Music / animation
Review: Flit
Colston Hall, Wednesday October 26
Lau’s Martin Green is establishing a reputation as an ambitious composer. Last year he brought Crow Bones, his Gothic reconstruction of grim British folk songs to St George’s with a stark tableau of branches and bones and now there’s Flit, a more complex production on the themes of migration and resettlement. Despite the lightness of the title this was literally a gloomy experience, the lighting designed to allow animated projections to play an integral part alongside recorded speech samples and live music. The low-lit stage was set for a drama, the rough-hewn surfaces of a cave layered behind a variety of handmade musical devices – a rack of saws, a winding wheel, a highly strung framework – and an impressive wooden zoetrope wheel at the centre
In near darkness it began, with a disembodied Geordie voice singing heartily about pit closures in traditional style while the live performers filed into place. Then, after Green’s preamble about his own family’s history as Jewish refugees, principal singers Becky Unthank and Adam Holmes took over as the first animations began: crumpled paper brought to expressive life as characters moved across the scenery. The music built from mainly electronic sources with Adrian Utley’s spare and sweeping guitar and Dominic Aitchison’s methodical bass rarely overstating the rhythms and Green providing synth and occasional accordion. The harsh artificiality of the sound was a marked contrast with the raw naturalness of the vocals, perhaps an intentional reflection of the dislocations involved in migration and asylum. Thus This Place Was Once So Fine combined the rhythms of factory machinery with a simple traditional-sounding pastoral song, the diminutive Becky Unthank rising on the balls of her feet beside Adam Holmes’ rangy figure, their voices perfectly balanced.

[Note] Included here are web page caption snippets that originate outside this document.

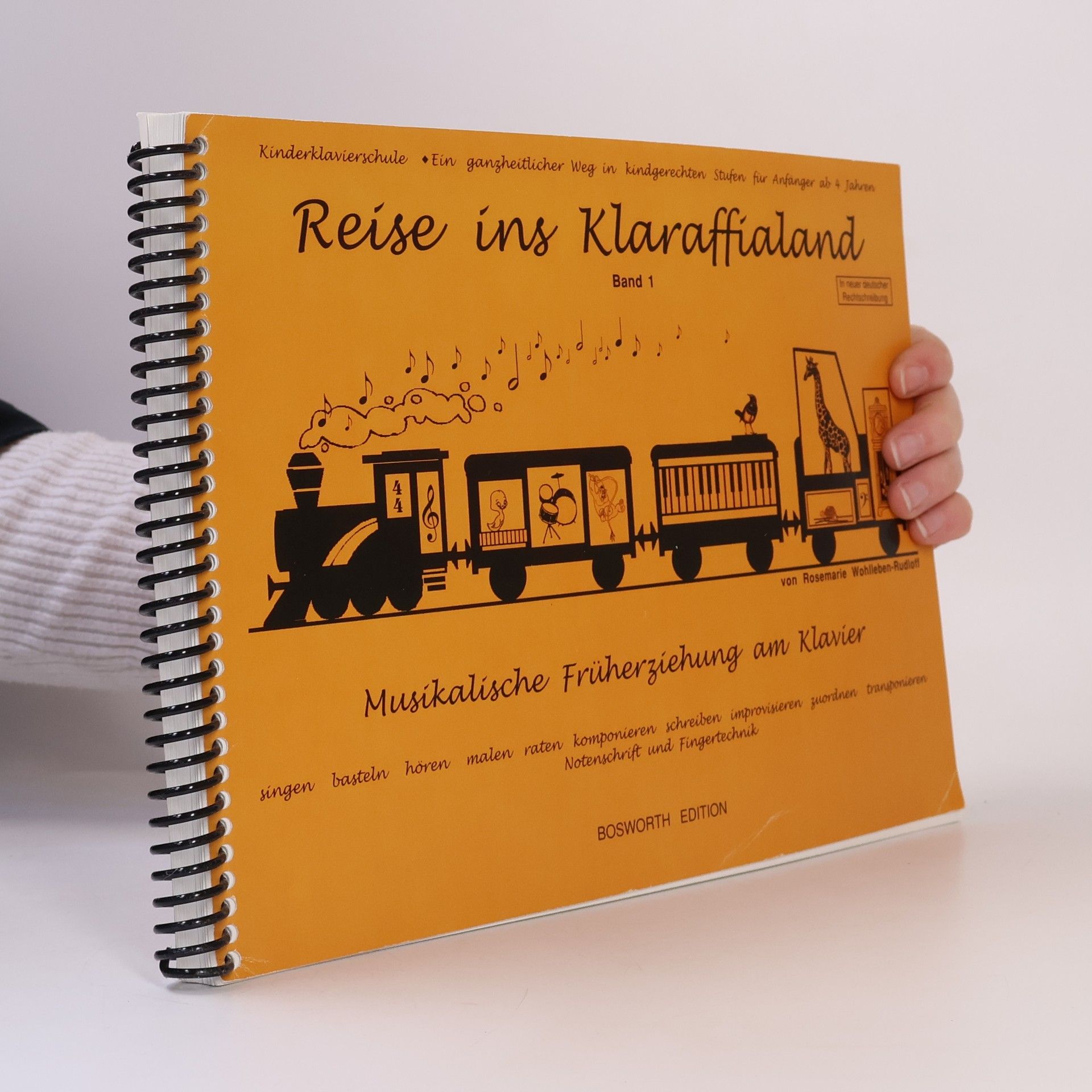 Rosemarie Wohlleben Rudloff Reise ins Klaraffialand 1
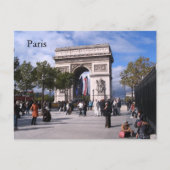 Carte Postale Paris (Devant)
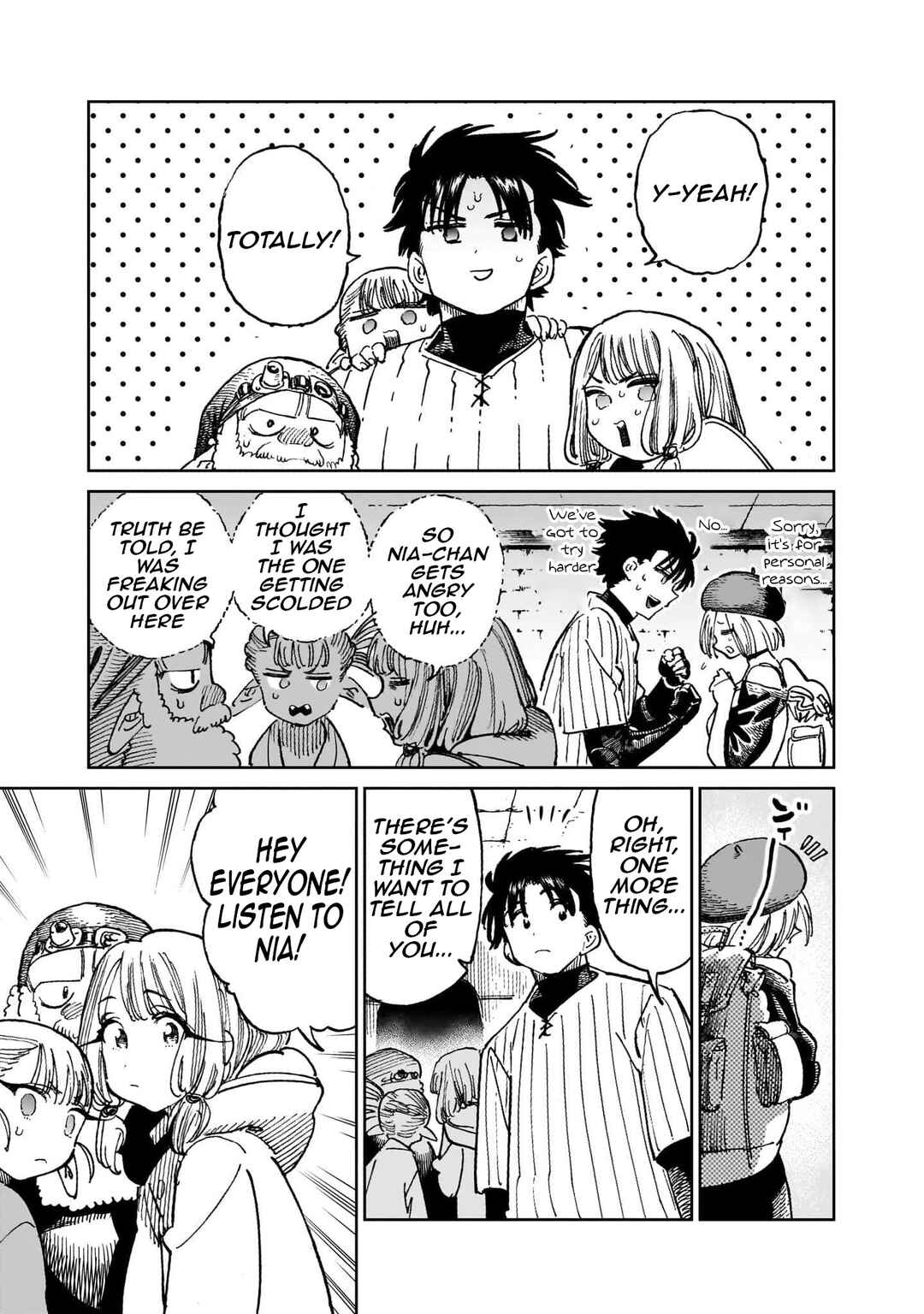 Page 32 Chapter 8 Isekai Henshuusha ~Manga de Sekai wo Suku Koto ni Narimashita~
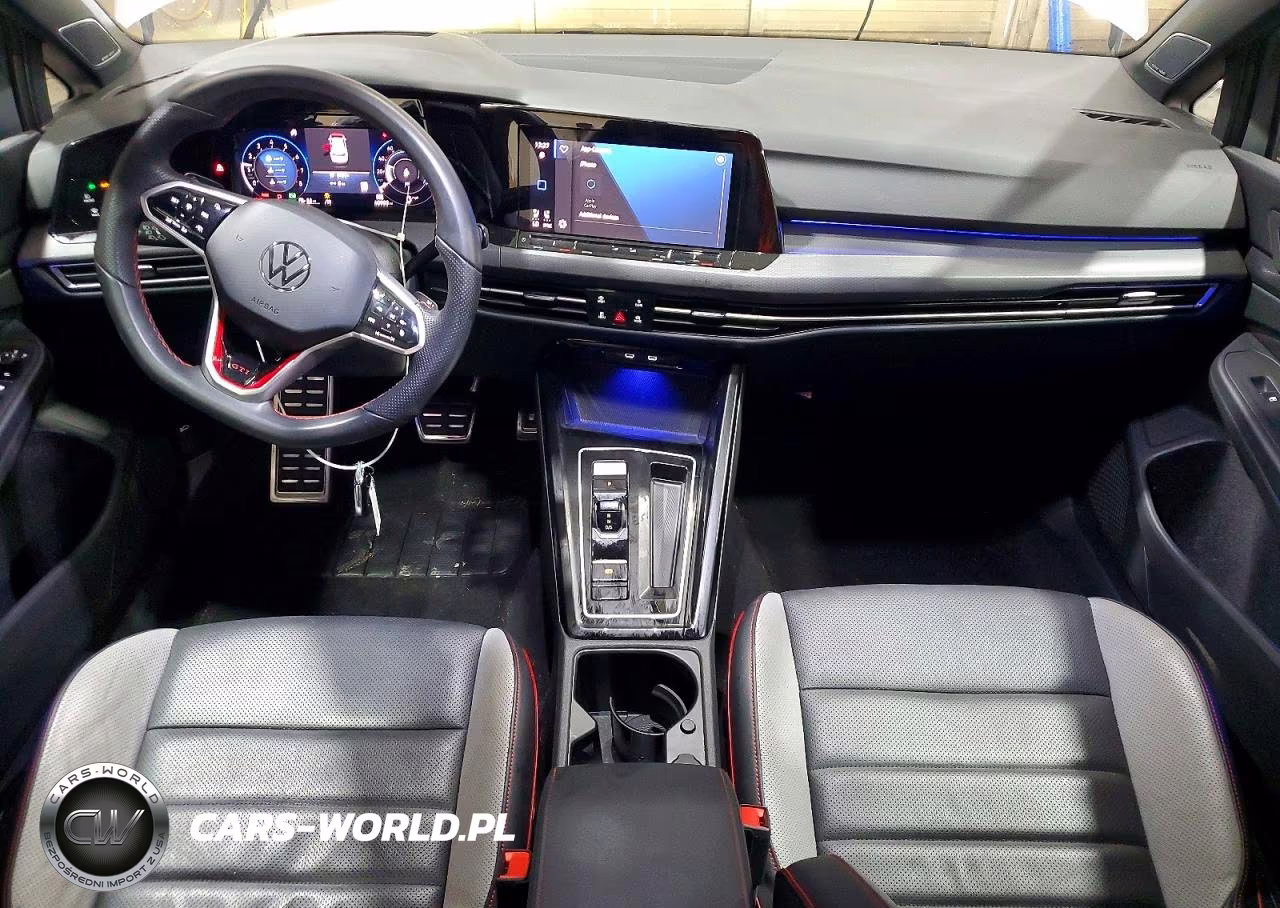 2023 Volkswagen Gti Autobahn VIN:WVWVA7CD4PW172145 - 8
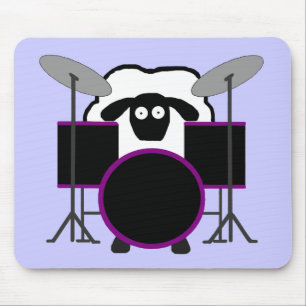 Carneiros Mousepad do baterista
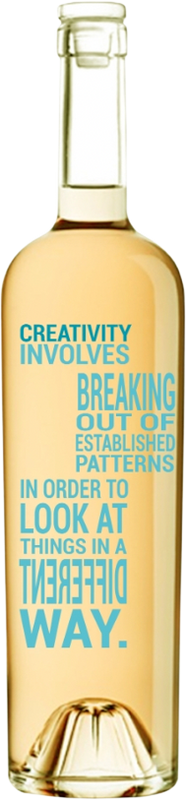 Bottle of Creativity Cuveé AOC GR from Cottinelli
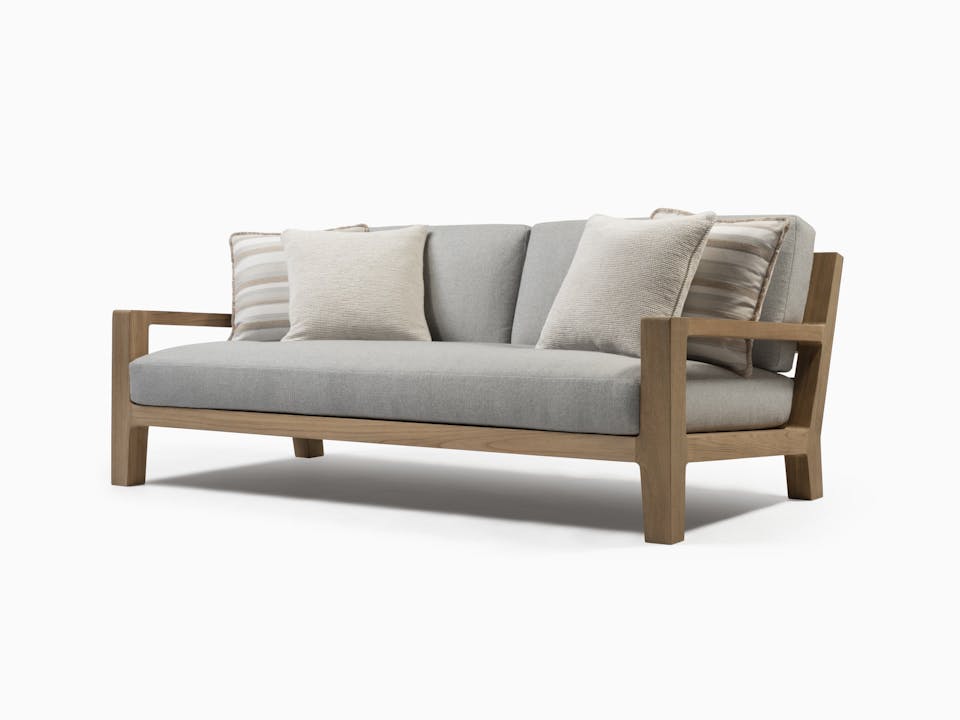 de sousa hughes link outdoor Banyan Sofa 4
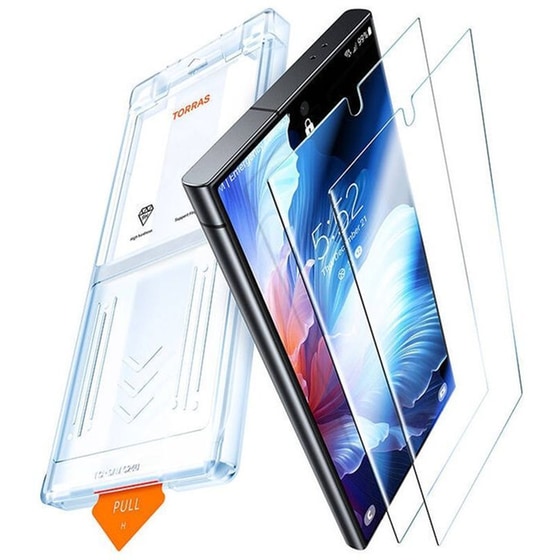 Προστατευτικό οθόνης Samsung Galaxy S24 - Torras Install Master Tempered Glass 9H+ image 0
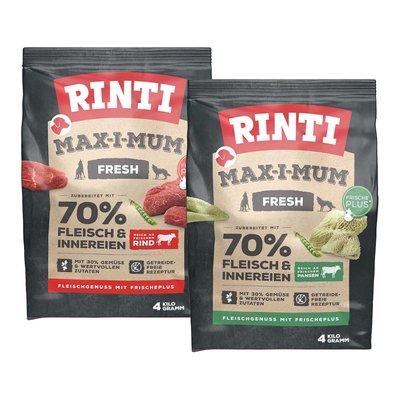 Rinti Max-i-Mum variace chutí s hovězím masem a dršťkami Rinti Max-i-Mum variace chutí s hovězím masem a dršťkami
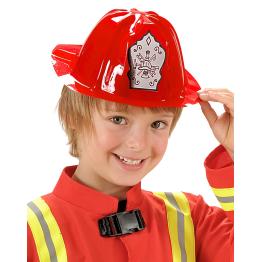 Casco Bombero infantil en Pvc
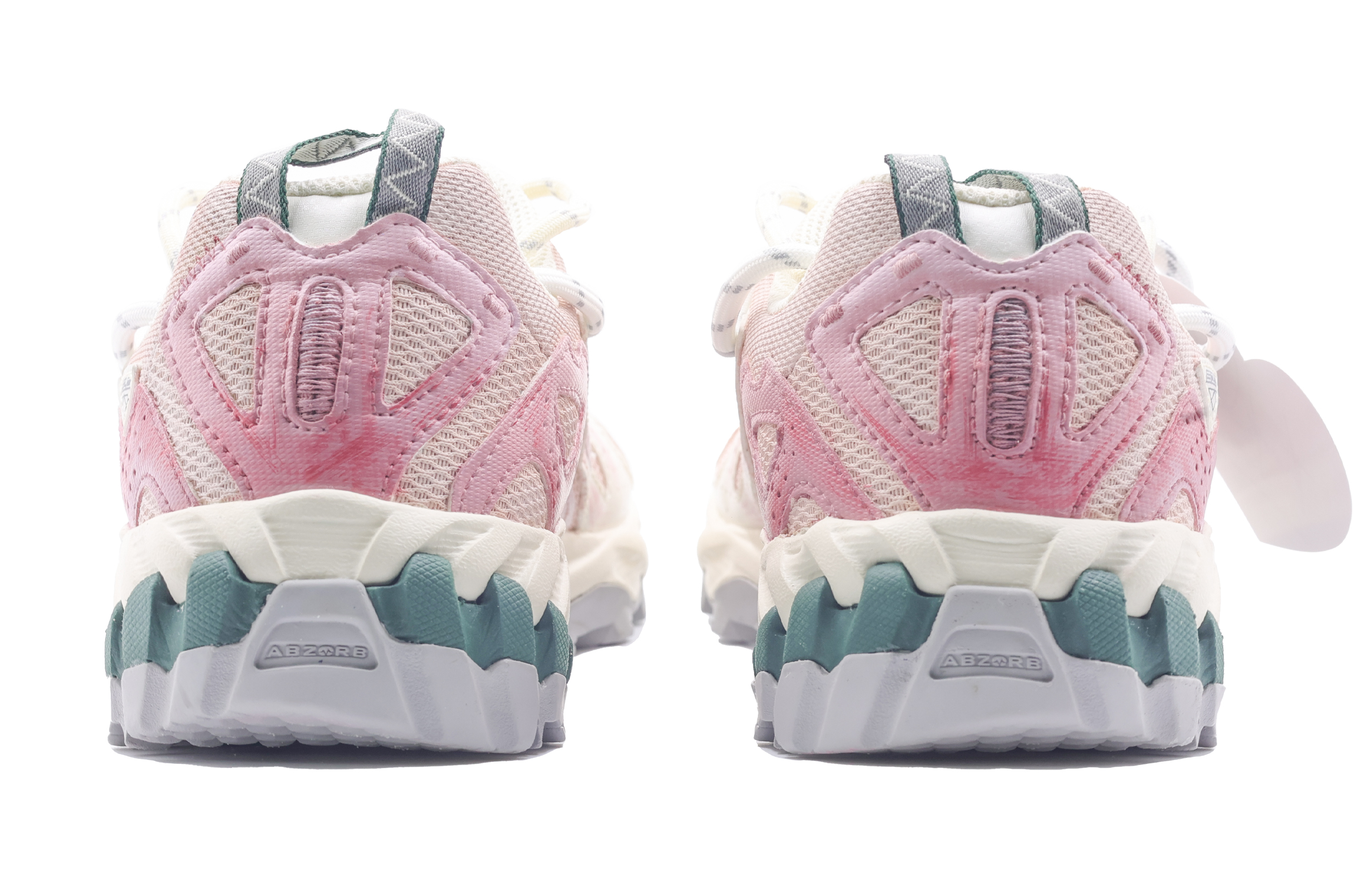 New Balance 610T Sweet Love Abrasion Resistant Low top Mountaineering Hiking Shoes Unisex Pink White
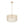 Load image into Gallery viewer, Farmhouze Light - Glam Crystal Accented Drum Lantern Pendant Light - Chandelier - Brass - 
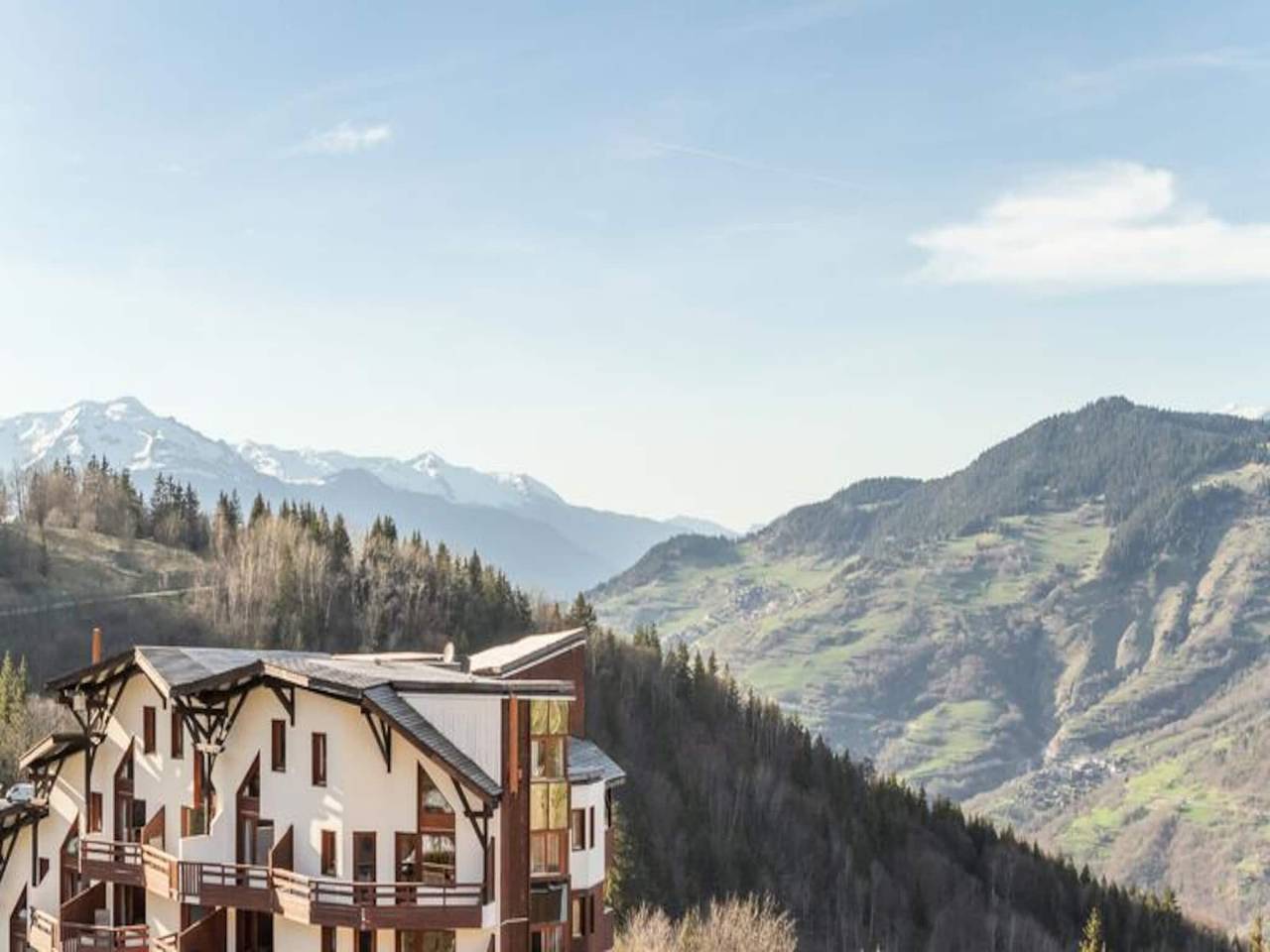 Apartamento entero, Selección Apartamento 1 dormitorio (5 personas) in La Tania, La Perrière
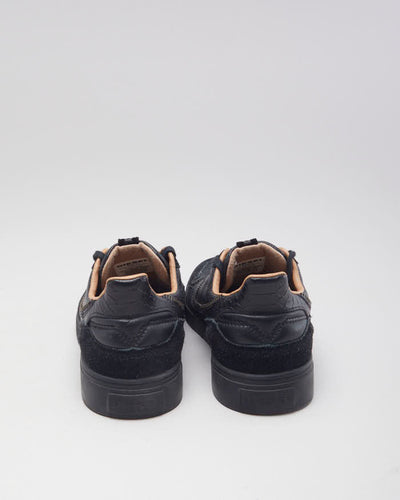 Vintage Y2K Diesel Multi Texture Trainers - UK 7.5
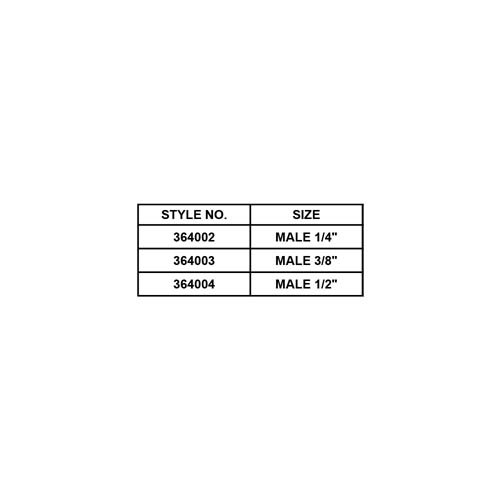 BRASS GM TYPE QUICK COUPLER (MALE)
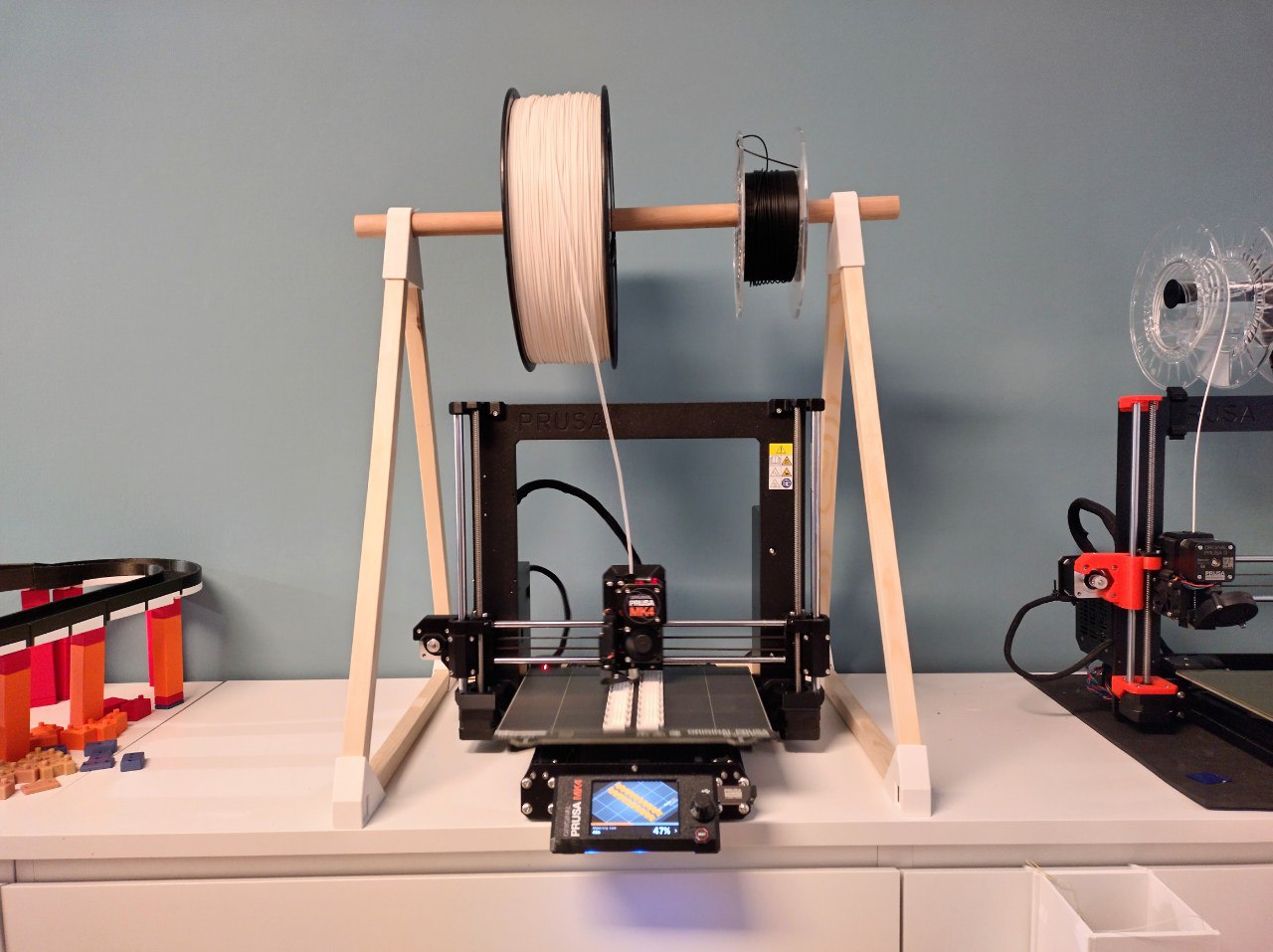 Giá Đỡ Cuộn Filament Cỡ Lớn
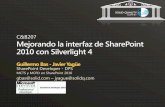 Mejorando interfaz de SharePoint 2010 con Silverlight 4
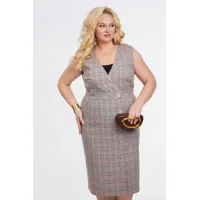 Платье Такка Плюс 25-256 мультиколор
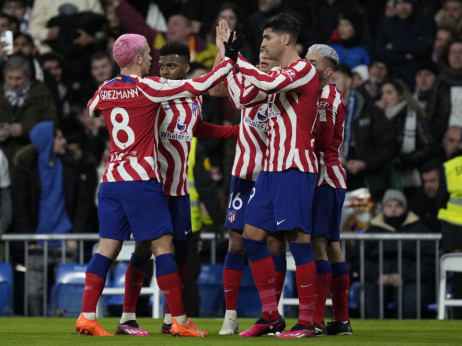 Primera na TV Arena sport: Atletiko Madrid gostuje Đironi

A more conscious migratory music followed as guitar and bass chugged a loose ‘desert blues’ groove for a song about Saharan refugees, while the animations told a tale of storming destruction and desperate shelter to a massive crashing soundscape, its oppression finally relieved by a breathy solo Unthank vocal about Scottish migrants finding luxuries of wood washed ashore in Canada. It was a rare moment for the audience to applaud – not because the performances hadn’t warranted it but the seamless flow of sound and image had hardly paused. Another burst of supporting clapping followed Green’s escalatingly angry rant comparing the British response to the Kindertransport of child refugees in the 30s to the disgraceful events in Calais going on as we sat there – a good point well made. Things ended on a happier note, however, with the recorded voices of now-settled refugees talking of their success and security.
It had been an evening of fine moments – well-crafted songs and sound design throughout, amazingly vivid and original animation from whiterobot and good use of stage set and lighting (the whirling rumble of the zoetrope and its compelling animated characters was an especial treat). The performances were excellent, too, especially the all-important vocals. The only problem might have been holding the whole thing together as a piece – despite the seamless flow of events the different songwriting styles (four people had contributed) and the breadth of the topic made it more of an umbrella compilation than a coherent piece of drama. But, having said that, it was a damn fine umbrella and what could be more metaphorically appropriate, anyway?